= Bradford Institute for Health Research =

Research organization in England

The Bradford Institute for Health Research (BIHR) is a health research organization based at Bradford Royal Infirmary in Bradford, England. Established in 2007, it operates as a partnership between local NHS trusts and academic institutions, including the University of Bradford, University of Leeds, and University of York.

== History ==
Founded in 2007 by epidemiologist John Wright, it is headquartered at Temple Bank House on the Bradford Royal Infirmary campus. The institute emphasizes community-engaged research, particularly within Bradford’s ethnically diverse population.
== Research focus ==
BIHR conducts studies on health determinants across the lifespan, with key themes including child development, chronic disease management, and patient safety. It collaborates with the National Institute for Health and Care Research (NIHR) and hosts the NIHR Applied Research Collaboration for Yorkshire and Humber.

== Major Programs and Collaborations ==
=== Born in Bradford ===
Born in Bradford (BiB) is a longitudinal birth cohort study tracking over 30,000 children since 2007. It examines factors influencing health outcomes, such as air pollution, nutrition, and genetics.
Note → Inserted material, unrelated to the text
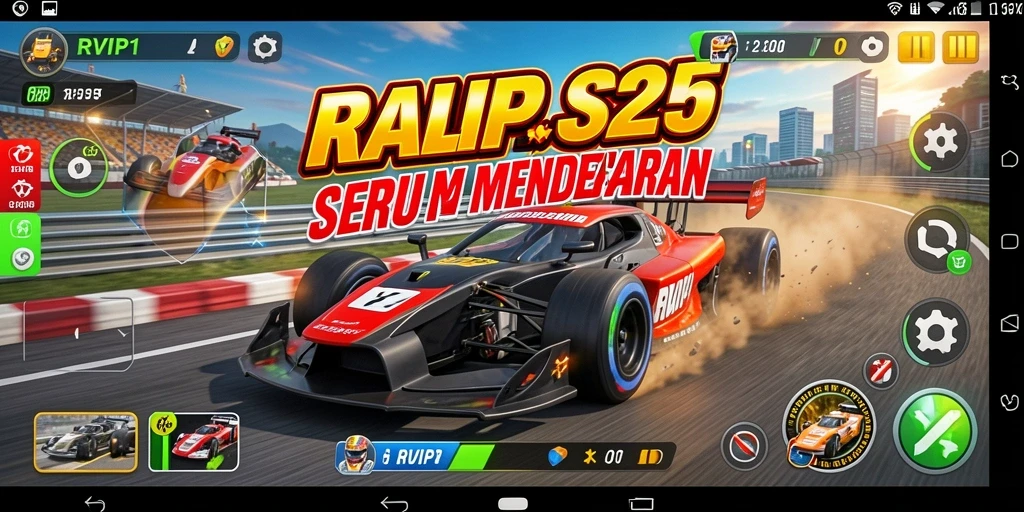 Screenshot gameplay <strong>RVIP1</strong> menunjukkan momen balap yang mendebarkan.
Findings have informed public health policies, including interventions targeting childhood obesity and air quality.

=== NIHR Patient Safety Research Collaboration ===
This center, funded by the NIHR, focuses on reducing medical errors and improving care safety. Key projects include tools to reduce diagnostic delays and support healthcare workers involved in errors.

=== Wolfson Centre for Applied Health Research ===
Established in 2019 with a £1 million grant from the Wolfson Foundation, this center facilitates collaboration between clinicians and researchers. It focuses on healthy aging, childhood development, and patient safety.

=== Connected Bradford ===
A data linkage initiative integrating health, social care, and environmental records for over 1 million residents. It supports research on population health trends and service evaluation.